OK, I believe I understand your intent. (By the way, I LOVE electrostatics but I haven't owned any for over 20 years, since selling my Infinity Servo Static 1's. I still have some old but sweet electrostatic headphones.)
A basic bit of theory applies to what you are attempting: the maximum power transfer to the load occurs when the source impedance (the amp) and the load impedance (the speaker) are exactly equal. If your amp was designed to tolerate both 4 ohm and 8 ohm speakers, the designer probably set the internal amplifier impedance at a compromise between those two values. In bridged mode, the two amps togather would (ideally) deliver twice the power to the same load as a single amp in a standalone configuration.
The rub comes in because we are talking about impedance, not DC resistance. Directly-driven ESLs (which I think include Magnepans) are a huge capacitive load, which varies all over the place as a function of frequency. Transformer-coupled ESLs have the opposite problem, they are highly inductive. The amp impedance expressed in ohms is a function of the frequency, and in bridged mode not only does the power double, so does the variation in source impedance (the bridged amps). Directly-driven ESLs have a higher impedance with lower frequencies, while impedance decreases at higher frequencies, and there is interaction with the amp internal impedance. Such a load is highly likely to cause a destructive amplifier oscillation at a high frequency (I have heard that high pitched, barely audible screech which often means either your amp or your ESLs or both need repair).
Making matters worse, the amp's power supply may not be adequate to deliver 2X normal current in steady operation. The minimum load impedance could have been specified with this power supply limitation in mind, even if the output devices can tolerate the extra power - hard to say without examining the design. Another reality factor is that unless the output devices of both bridged amps are exactly matched - not just within the individual amps but from one amp to the other - the amps will load each other with more instability the result. Very high quality amps intended for bridged operation have had output devices perfectly matched to minimize such problems.
Forgive me, but if you are unhappy so soon after your amplifier purchase, it seems likely you neglected the basic hifi test principal: audition the exact equipment combination you think you want, either in your home or at least in a very similar sized room. Make sure that all factors including maximum volume and amplifier headroom are satisfactory by playing demanding source material. Most high-end dealers will work with you and offer favorable terms and let you exchange equipment for little or no cost for a reasonable period (as long as they make the sale).

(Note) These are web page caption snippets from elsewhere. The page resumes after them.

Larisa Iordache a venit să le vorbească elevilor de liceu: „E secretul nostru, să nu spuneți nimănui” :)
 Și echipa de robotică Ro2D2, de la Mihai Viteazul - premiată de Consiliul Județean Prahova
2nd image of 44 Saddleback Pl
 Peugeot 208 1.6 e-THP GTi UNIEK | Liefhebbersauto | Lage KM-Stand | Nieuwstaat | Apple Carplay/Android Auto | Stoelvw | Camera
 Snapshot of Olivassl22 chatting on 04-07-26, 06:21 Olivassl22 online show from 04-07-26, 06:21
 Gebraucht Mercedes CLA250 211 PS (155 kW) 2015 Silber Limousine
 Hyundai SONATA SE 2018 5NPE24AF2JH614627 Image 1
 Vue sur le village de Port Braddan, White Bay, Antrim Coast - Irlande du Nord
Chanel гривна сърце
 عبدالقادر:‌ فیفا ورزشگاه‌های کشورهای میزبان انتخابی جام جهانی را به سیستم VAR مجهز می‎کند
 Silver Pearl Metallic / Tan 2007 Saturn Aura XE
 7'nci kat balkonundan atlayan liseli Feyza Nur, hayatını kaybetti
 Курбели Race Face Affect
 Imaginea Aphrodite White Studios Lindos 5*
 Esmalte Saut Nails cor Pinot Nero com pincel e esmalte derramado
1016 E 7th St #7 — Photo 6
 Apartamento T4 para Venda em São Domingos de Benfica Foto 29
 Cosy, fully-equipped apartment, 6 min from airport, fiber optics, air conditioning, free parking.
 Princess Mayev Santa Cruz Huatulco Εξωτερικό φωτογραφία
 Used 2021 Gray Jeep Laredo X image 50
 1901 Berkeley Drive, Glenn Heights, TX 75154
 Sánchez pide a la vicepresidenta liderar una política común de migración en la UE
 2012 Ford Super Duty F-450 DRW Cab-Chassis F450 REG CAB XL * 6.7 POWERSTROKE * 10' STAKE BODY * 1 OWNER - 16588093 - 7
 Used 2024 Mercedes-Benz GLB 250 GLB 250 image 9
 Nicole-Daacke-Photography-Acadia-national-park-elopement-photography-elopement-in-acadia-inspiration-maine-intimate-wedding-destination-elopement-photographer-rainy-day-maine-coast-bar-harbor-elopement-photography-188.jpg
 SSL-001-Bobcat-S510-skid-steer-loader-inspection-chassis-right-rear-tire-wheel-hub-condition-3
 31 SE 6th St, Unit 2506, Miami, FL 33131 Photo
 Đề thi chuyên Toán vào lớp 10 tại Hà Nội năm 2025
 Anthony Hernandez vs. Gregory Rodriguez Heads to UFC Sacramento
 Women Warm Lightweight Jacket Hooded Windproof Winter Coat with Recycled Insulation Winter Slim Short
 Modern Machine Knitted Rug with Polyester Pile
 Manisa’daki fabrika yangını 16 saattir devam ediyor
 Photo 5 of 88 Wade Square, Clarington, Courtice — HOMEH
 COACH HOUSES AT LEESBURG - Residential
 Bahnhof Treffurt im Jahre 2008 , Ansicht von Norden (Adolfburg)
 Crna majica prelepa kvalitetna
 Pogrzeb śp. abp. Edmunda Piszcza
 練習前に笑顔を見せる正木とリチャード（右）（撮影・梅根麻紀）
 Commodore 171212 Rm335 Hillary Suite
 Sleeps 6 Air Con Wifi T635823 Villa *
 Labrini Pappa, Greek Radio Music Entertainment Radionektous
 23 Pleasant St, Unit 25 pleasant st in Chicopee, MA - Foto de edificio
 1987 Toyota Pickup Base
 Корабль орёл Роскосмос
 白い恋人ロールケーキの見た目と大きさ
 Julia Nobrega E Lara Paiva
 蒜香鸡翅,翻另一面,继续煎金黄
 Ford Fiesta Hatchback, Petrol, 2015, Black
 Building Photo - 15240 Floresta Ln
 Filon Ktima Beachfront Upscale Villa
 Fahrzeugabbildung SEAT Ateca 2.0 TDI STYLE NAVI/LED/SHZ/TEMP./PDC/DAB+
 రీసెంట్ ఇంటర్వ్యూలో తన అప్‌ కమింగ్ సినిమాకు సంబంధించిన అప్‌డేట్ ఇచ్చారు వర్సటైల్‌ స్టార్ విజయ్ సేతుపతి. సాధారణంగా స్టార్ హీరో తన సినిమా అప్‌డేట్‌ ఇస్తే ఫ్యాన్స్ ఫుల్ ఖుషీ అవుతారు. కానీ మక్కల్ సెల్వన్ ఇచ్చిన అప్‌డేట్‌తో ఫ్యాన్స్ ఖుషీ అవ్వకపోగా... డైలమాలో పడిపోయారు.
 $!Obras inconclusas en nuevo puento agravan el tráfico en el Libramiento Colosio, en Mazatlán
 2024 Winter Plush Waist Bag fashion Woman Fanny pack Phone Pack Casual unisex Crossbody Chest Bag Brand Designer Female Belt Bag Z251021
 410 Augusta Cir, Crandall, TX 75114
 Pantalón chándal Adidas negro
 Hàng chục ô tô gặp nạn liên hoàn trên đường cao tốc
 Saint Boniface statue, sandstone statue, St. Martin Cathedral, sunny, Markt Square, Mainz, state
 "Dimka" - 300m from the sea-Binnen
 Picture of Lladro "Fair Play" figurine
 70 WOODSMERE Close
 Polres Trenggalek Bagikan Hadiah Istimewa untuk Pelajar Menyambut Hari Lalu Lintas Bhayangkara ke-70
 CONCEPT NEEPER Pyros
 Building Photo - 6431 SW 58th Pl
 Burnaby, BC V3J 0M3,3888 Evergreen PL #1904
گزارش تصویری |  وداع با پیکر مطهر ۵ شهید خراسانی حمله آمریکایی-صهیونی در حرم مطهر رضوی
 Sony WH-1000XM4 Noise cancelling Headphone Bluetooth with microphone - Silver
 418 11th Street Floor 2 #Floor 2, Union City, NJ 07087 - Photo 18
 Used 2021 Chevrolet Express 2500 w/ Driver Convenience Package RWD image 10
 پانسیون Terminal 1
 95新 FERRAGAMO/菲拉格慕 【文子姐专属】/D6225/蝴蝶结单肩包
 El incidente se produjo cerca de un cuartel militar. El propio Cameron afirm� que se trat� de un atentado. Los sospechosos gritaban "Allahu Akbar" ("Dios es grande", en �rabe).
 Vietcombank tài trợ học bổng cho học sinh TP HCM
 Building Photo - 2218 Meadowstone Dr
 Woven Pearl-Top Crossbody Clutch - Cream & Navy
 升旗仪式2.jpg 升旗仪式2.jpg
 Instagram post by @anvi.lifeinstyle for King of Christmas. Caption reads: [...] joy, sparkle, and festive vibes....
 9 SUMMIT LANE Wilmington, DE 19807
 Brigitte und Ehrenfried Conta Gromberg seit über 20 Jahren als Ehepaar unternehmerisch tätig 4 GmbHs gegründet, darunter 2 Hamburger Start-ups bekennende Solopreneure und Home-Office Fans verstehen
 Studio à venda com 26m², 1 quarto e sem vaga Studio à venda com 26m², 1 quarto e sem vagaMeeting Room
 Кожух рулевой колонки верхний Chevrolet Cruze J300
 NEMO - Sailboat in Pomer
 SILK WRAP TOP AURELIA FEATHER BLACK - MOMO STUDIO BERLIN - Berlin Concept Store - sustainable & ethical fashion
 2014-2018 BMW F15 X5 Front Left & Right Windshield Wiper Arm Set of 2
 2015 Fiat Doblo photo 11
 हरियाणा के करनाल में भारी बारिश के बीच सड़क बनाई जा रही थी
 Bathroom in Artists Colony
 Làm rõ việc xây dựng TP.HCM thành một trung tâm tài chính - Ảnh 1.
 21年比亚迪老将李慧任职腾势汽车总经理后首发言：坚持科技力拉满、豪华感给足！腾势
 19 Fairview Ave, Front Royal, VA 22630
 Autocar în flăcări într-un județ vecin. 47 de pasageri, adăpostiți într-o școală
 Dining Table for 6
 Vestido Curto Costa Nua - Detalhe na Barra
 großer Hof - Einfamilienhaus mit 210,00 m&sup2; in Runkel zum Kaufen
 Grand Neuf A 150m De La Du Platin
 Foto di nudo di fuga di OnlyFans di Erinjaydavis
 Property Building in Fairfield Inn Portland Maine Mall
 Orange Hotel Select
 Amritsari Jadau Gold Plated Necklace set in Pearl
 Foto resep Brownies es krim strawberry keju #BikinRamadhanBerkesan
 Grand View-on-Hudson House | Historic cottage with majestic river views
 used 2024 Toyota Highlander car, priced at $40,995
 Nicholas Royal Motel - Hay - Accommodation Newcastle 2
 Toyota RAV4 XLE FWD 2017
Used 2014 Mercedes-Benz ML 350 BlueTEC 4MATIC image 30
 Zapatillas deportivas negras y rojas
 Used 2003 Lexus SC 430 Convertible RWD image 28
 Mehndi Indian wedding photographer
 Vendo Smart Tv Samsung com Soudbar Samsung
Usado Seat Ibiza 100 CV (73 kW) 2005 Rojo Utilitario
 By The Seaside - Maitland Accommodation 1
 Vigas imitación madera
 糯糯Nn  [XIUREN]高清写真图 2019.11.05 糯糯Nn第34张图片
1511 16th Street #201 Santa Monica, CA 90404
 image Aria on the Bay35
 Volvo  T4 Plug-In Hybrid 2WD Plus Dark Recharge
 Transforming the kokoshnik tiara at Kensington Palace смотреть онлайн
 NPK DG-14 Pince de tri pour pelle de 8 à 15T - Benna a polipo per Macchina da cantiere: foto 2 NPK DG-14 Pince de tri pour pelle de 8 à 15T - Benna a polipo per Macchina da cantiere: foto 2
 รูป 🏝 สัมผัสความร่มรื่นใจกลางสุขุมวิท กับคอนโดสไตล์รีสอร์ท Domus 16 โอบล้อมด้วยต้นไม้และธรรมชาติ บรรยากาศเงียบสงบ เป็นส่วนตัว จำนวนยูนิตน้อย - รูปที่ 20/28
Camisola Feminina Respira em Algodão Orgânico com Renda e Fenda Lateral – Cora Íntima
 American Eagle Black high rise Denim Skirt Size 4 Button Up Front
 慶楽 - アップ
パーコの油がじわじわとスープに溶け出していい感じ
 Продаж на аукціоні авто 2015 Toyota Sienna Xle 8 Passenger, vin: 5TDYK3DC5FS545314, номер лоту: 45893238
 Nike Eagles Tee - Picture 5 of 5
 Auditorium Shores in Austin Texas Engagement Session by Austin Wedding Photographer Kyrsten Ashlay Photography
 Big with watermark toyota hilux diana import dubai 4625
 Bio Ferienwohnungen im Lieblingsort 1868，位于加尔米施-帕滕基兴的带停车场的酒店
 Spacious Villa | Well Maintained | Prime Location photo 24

As for "overclocking" your amp - with the same combination of speakers and amps, I would not try it myself. The risk of damage is too great. On at least one occasion, I repaired my ESLs and amp togather, it hurt financially. In your situation, I would experiment with speaker placement within the room and in relation to my listening position, to find a more ideal solution. You may trade off other factors for more volume with room gain - such as a very small "sweet spot" when listening. In any case, enjoy the music!